• What the task requires
The task for the listing below is to write out exactly the lines starting at the one containing "Healthy soup from" and ending at the one containing "Wide Plank Black", both included. Pictures are to be omitted.

• Information shown
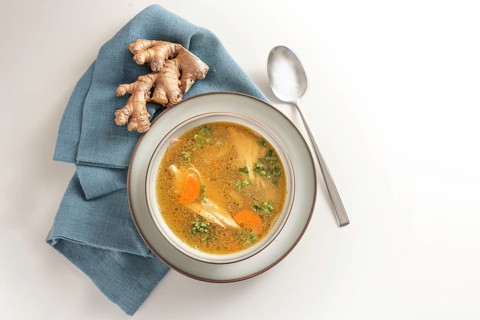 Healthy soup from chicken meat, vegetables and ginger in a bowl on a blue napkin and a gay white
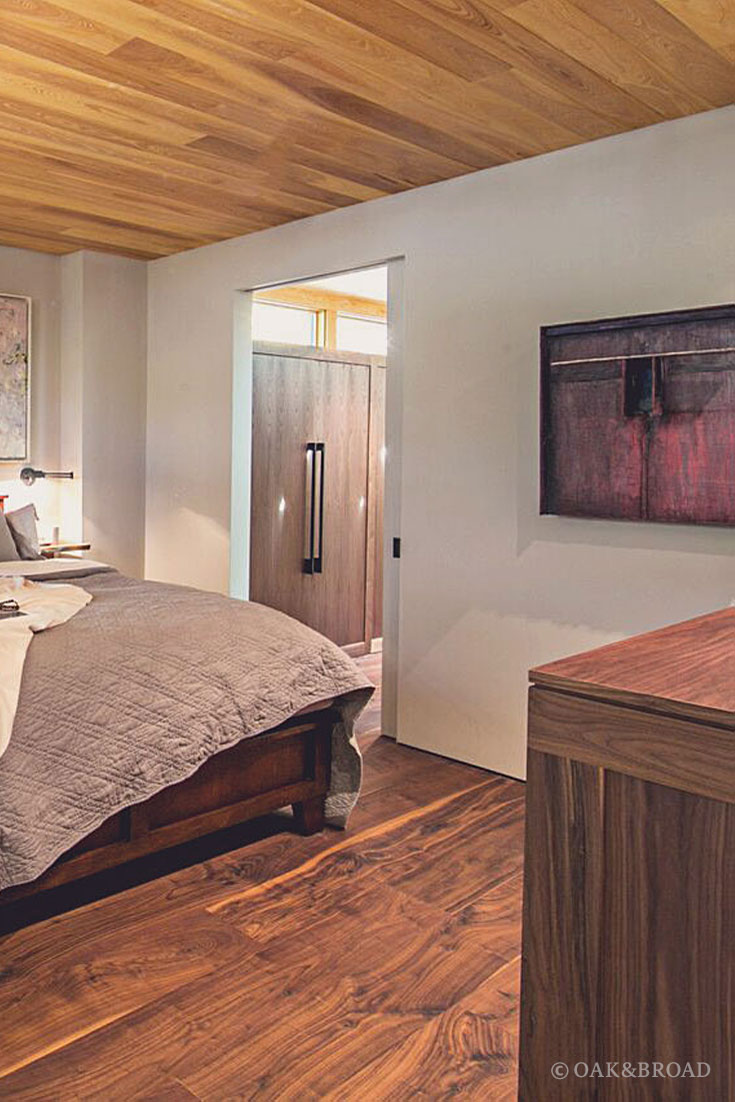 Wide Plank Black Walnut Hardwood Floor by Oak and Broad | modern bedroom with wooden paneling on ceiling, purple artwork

---

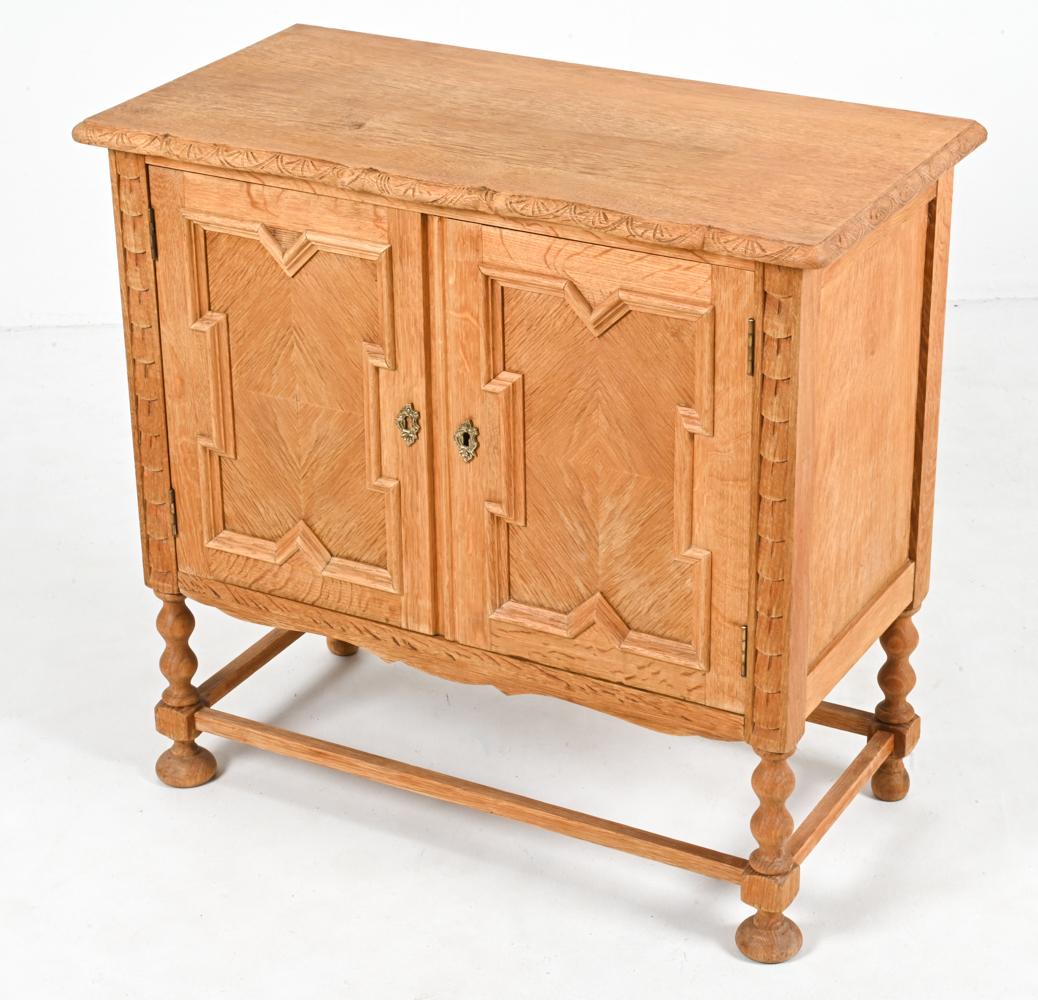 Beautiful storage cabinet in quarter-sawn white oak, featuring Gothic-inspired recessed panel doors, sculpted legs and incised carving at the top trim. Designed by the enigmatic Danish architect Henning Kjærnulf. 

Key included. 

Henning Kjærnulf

• Answer to the problem
 Healthy soup from chicken meat, vegetables and ginger in a bowl on a blue napkin and a gay white
 Wide Plank Black Walnut Hardwood Floor by Oak and Broad | modern bedroom with wooden paneling on ceiling, purple artwork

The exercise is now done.